Lutter sans relâche pour la justice sociale et l’éducation publique

C’est avec humilité que je reçois le Prix de l’éducation Albert Shanker. J’apprécie ce témoignage de reconnaissance de mon parcours de ces 50 dernières années, de mon travail au sein de l’éducation publique et du soutien apporté aux communautés asio-américaines et insulaires du Pacifique.

Deux expériences formatrices me viennent à l'esprit. Dans les années 1990, je vivais dans un quartier défavorisé de Los Angeles, où je faisais partie d’une organisation à but non lucratif fournissant des services à la communauté. À la suite de l’arrivée soudaine de familles cambodgiennes et vietnamiennes ayant fui la guerre d’Indochine, des populations réfugiées s’étaient installées dans le quartier latino de Los Angeles. J’avais élaboré un programme parascolaire pour aider les enfants de 8 à 12 ans à s’adapter à la vie américaine.

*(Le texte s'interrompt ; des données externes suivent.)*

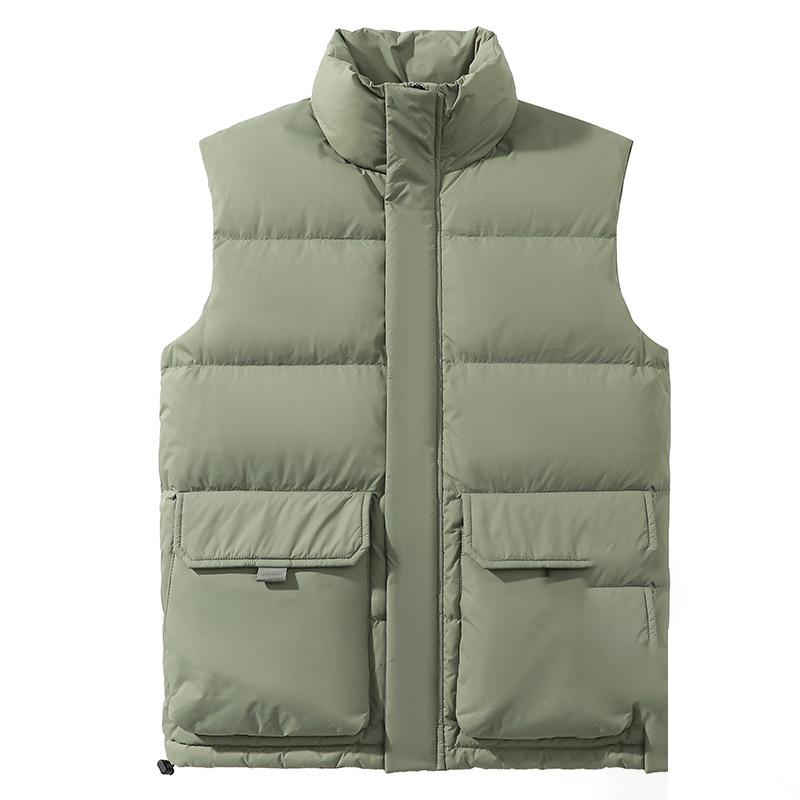 【客製化團體服】休閒羽絨棉背心 | 團體制服訂製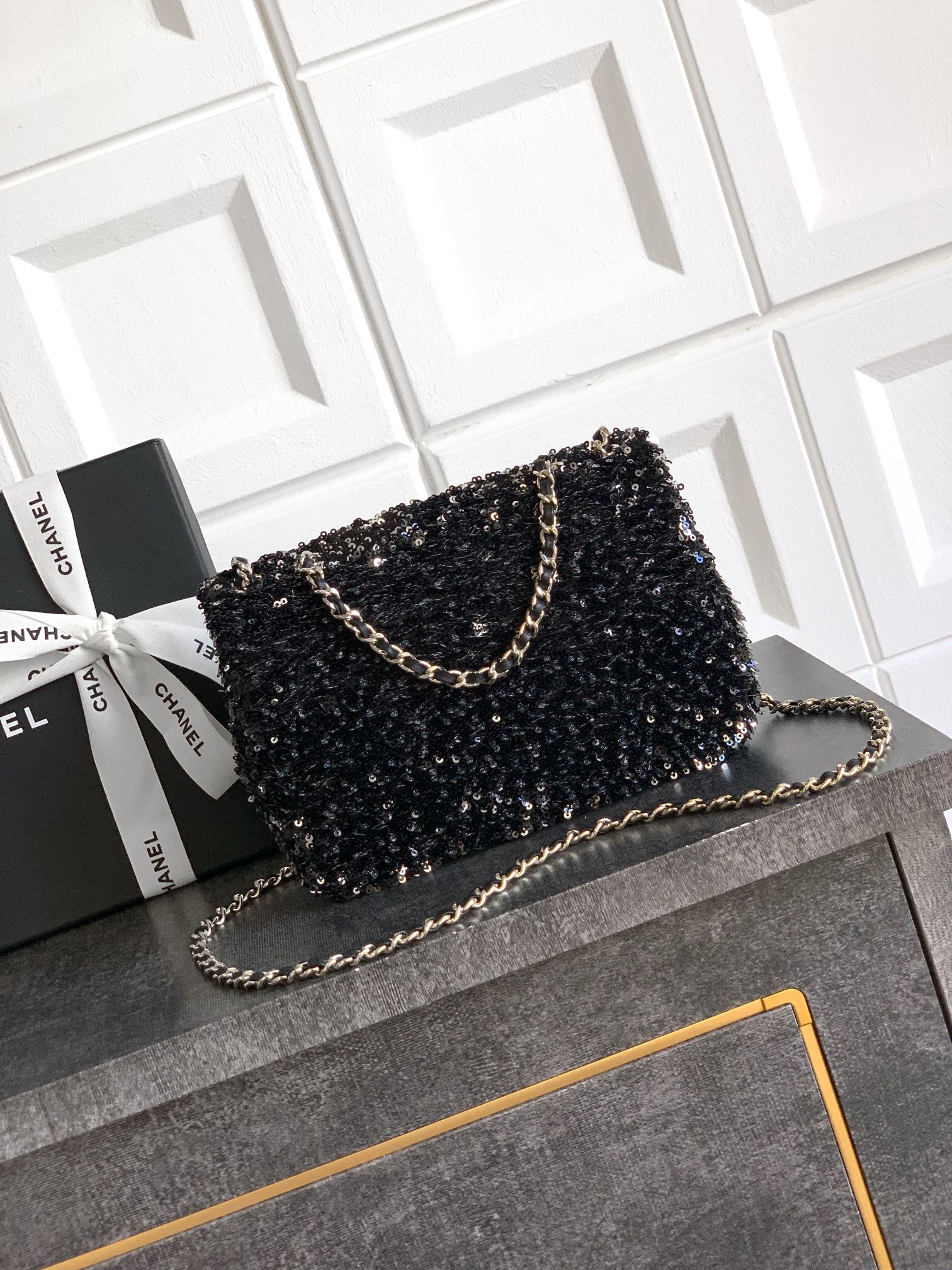 Ch@nel Flap Bag-20CM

Ces jeunes m’avaient décrit l’expérience éprouvante qu’avait représenté la fuite de leur pays et m’avaient fait part de la détermination et de la résilience de leurs familles, face à l’assassinat de leurs proches, au déracinement et à l’immersion dans une culture et un pays étrangers. Les liens que j’ai noués avec ces familles, toujours présents aujourd’hui, sont précieux à mes yeux et je leur suis reconnaissante de m’avoir ouvert le cœur et élargi ma vision du monde.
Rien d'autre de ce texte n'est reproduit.